Over the past few decades, many jobs in manufacturing have been shipped overseas, leading to massive layoffs. However, in some places, employment has been increasing, with higher demand for skilled labor.
At the same time, while many are still waiting to find permanent jobs, a number of firms have been hard-pressed to find enough people with the right knowledge to fill these roles. According to the U.S. Labor Department, there were 326,000 open positions available in March, the highest numbers seen since November 2007. Also, an estimated 55,000 manufacturing new jobs became available during the month, the biggest increase since November 2005.
Experts say that many were waiting for enough qualified candidates to submit applications but were frustrated with the lack of talent.
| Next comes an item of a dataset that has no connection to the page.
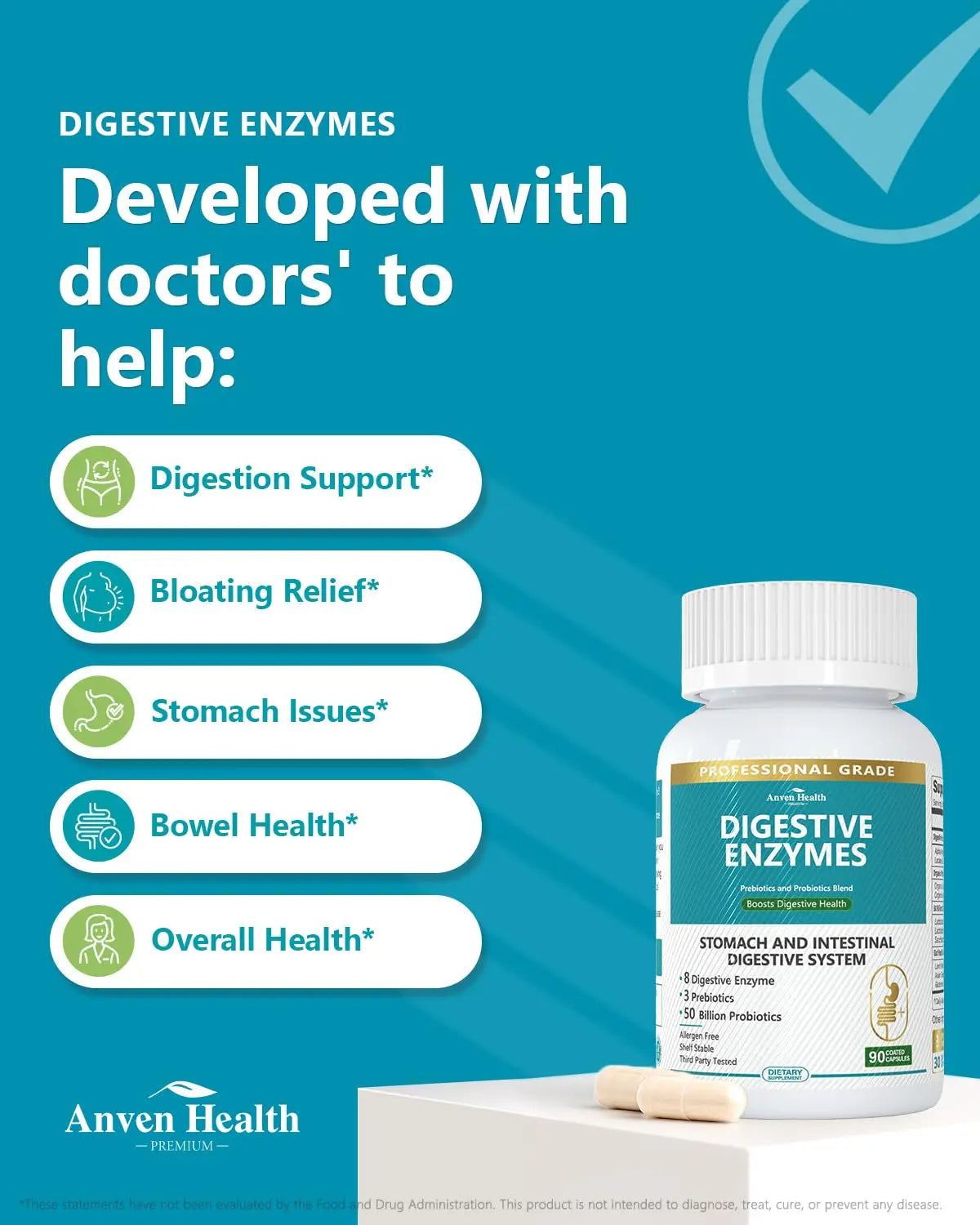 Anven Health 800mg Digestive Enzymes for Men and Women with Probiotics & Prebiotics, 8 Key Enzymes, Protease, Amylase & Lipase | 270 Capsules - A 90-Day Supply Anven Health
"The manufacturing sector is clearly showing signs of a skills mismatch," said Dean Maki, chief U.S. economist at Barclays in an interview with Bloomberg. "It is likely to weigh on manufacturing growth. There’s a sharp divergence on what’s happening on the opening side and what’s happening on the hiring side,”
Kevin Ahaus, head of president of Ahaus Tool and Engineering in Indiana, said that he was having to turn down offers based on a lack of people to complete the assignments.
"We’re turning down some business because we can only take in so much with the staff we have,” Ahaus told the news outlet. “We could hire five more today.”